Hash Utilities
- class vernamveil.blake3(data=b'', key=None, length=32)
Bases:
object
A hashlib-style BLAKE3 hash object using the C backend.
This class provides a BLAKE3 hash object with a hashlib-like interface, using the C backend for fast hashing. It accumulates data via update() calls and processes all chunks in C upon digest().
Initialise a BLAKE3 hash object.
- Parameters:
data (bytes or bytearray or memoryview) – Initial data to hash. Defaults to an empty byte string.
key (bytes or bytearray or memoryview, optional) – Optional key for keyed hashing. If None, no key is used.
length (int) – Desired output length in bytes. Default is 32 bytes.
- property block_size: int
The size of the internal block used for hashing.
- Returns:
64 bytes, which is the standard block size for BLAKE3.
- Return type:
int
- copy()
Return a copy of the current blake3 hash object.
- digest(length=None)
Compute the BLAKE3 hash of the accumulated data with optional keying and length.
- Return type:
bytearray
- Parameters:
length (int, optional) – Desired output length in bytes. If None, uses the default length set during initialisation.
- Returns:
The BLAKE3 hash digest of the accumulated data, optionally keyed and of specified length.
- Return type:
bytearray
- Raises:
RuntimeError – If the C-backed BLAKE3 module is not available.
- property digest_size: int
The size of the hash output in bytes.
- Returns:
32 bytes by default, can be set during initialisation.
- Return type:
int
- hexdigest(length=None)
Compute the BLAKE3 hash of the accumulated data and return it as a hexadecimal string.
- Return type:
str
- Parameters:
length (int, optional) – Desired output length in bytes. If None, uses the default length set during initialisation.
- Returns:
The BLAKE3 hash digest of the accumulated data as a hexadecimal string.
- Return type:
str
- property name: str
The name of the hash algorithm.
- Returns:
The name of the hash algorithm, which is “blake3”.
- Return type:
str
- update(data)
Update the hash object with additional data.
- Return type:
None
- Parameters:
data (bytes or bytearray or memoryview) – Data to add to the hash.

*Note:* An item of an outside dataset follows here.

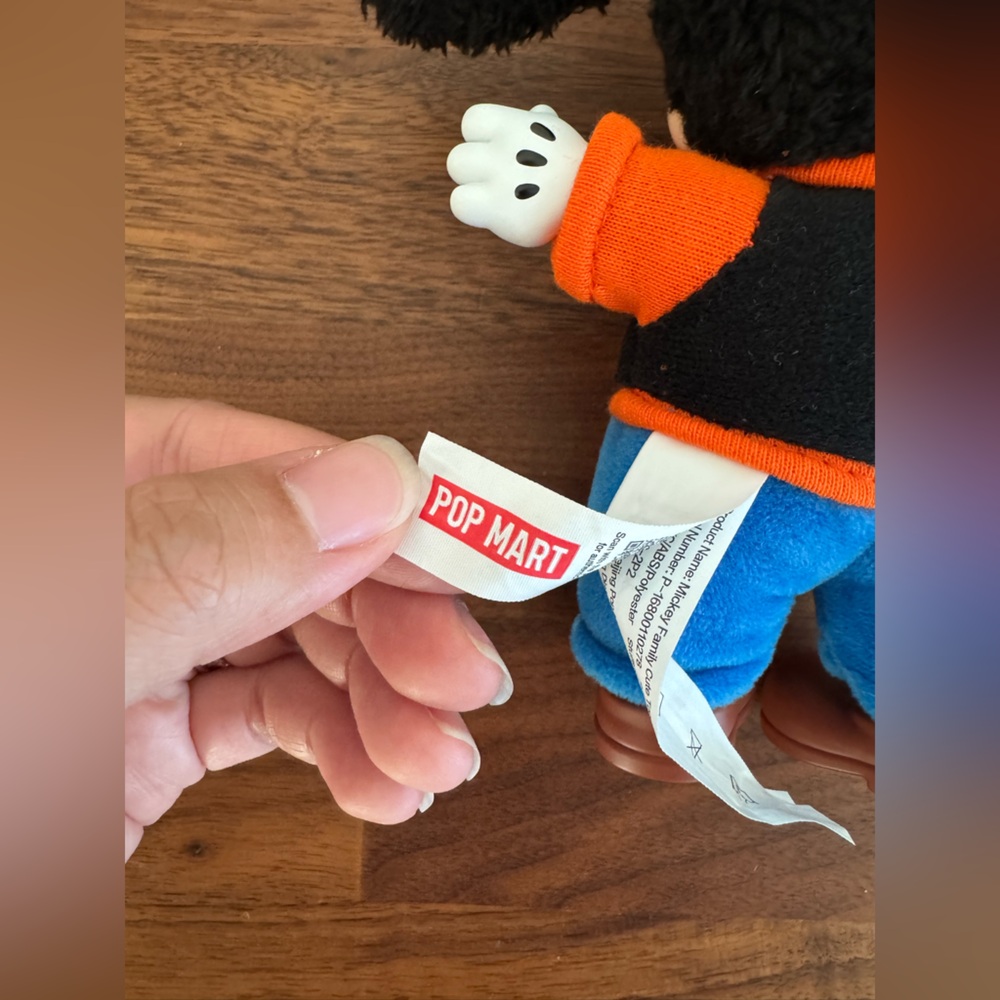 POP MART Mickey Family Cute Together Plush Pendant Goofy - Picture 7 of 10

- vernamveil.fold_bytes_to_uint64(hashes, fold_type='view')
Fold each row of a 2D uint8 hash output into a uint64 integer (big-endian).
- Parameters:
hashes (np.ndarray[tuple[int, int], np.dtype[np.uint8]]) – 2D array of shape (n, H) where H >= 8.
fold_type (Literal["full", "view"]) – Folding strategy. “view”: Fastest; reinterprets the first 8 bytes as uint64. “full”: Slower; folds all bytes in the row using bitwise operations. Default is “view”.
- Returns:
1D array of length n, each element is the folded uint64 value of the corresponding row.
- Return type:
np.ndarray[tuple[int], np.dtype[np.uint64]]
- Raises:
ValueError – If the input array is not 2D or has less than 8 columns.

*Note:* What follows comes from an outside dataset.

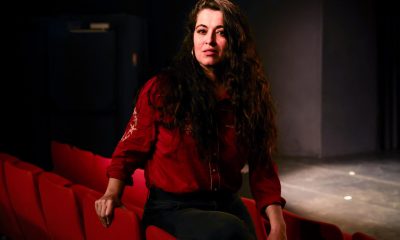 La cantante española Sílvia Pérez Cruz posa para un retrato durante una entrevista con EFE este martes en el Instituto Cervantes en París. Recientemente galardonada con el Premio Goya a la Mejor Canción Original por la canción 'Flores para Antonio', una colaboración con Alba Flores, la artista se prepara para su concierto en solitario en la sala Olympia en París el 8 de marzo. (Francia) EFE/EPA/TERESA SUÁREZ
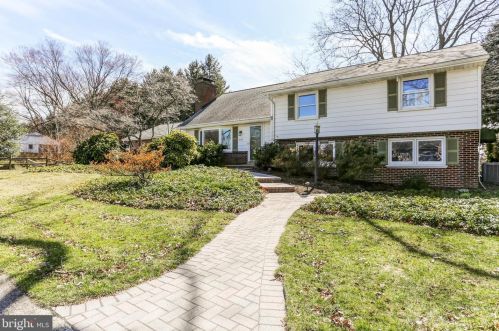 2714 Royal Rd, Lancaster, PA 17603-7012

ValueError – If fold_type is not ‘full’ or ‘view’.
- vernamveil.hash_numpy(i, seed=None, hash_name='blake2b', hash_size=None)
Compute a 2D NumPy array of uint8 by applying a hash function to each index, optionally using a seed as a key.
If no seed is provided, the index is hashed directly.
This function optionally uses cffi to call a custom C library, which wraps an optimised C implementation (with OpenMP and OpenSSL) for efficient, parallelised hashing from Python. If the C module isn’t available a NumPy fallback is used.
- Parameters:
i (np.ndarray[tuple[int], np.dtype[np.uint64]]) – NumPy array of indices (dtype should be unsigned 64-bit integer).
seed (bytes or bytearray, optional) – The seed bytes are prepended to the index. If None, hashes only the index.
hash_name (Literal["blake2b", "blake3", "sha256"]) – Hash function to use (“blake2b”, “blake3” or “sha256”). The blake3 is only available if the C extension is installed. Defaults to “blake2b”.
hash_size (int, optional) – Size of the hash output in bytes. Should be 64 for blake2b, larger than 0 for blake3 and 32 for sha256. If None, the default size for the selected hash algorithm is used. Defaults to None.
- Returns:
A 2D array of shape (n, H) where H is the hash output size in bytes. Each row contains the full hash output for the corresponding input.
- Return type:
np.ndarray[tuple[int, int], np.dtype[np.uint8]]
- Raises:
ValueError – If the hash_size is not 64 for blake2b, larger than 0 for blake3 or 32 for sha256.
ValueError – If a hash algorithm is not supported.
ValueError – If hash_name is “blake3” but the C extension is not available.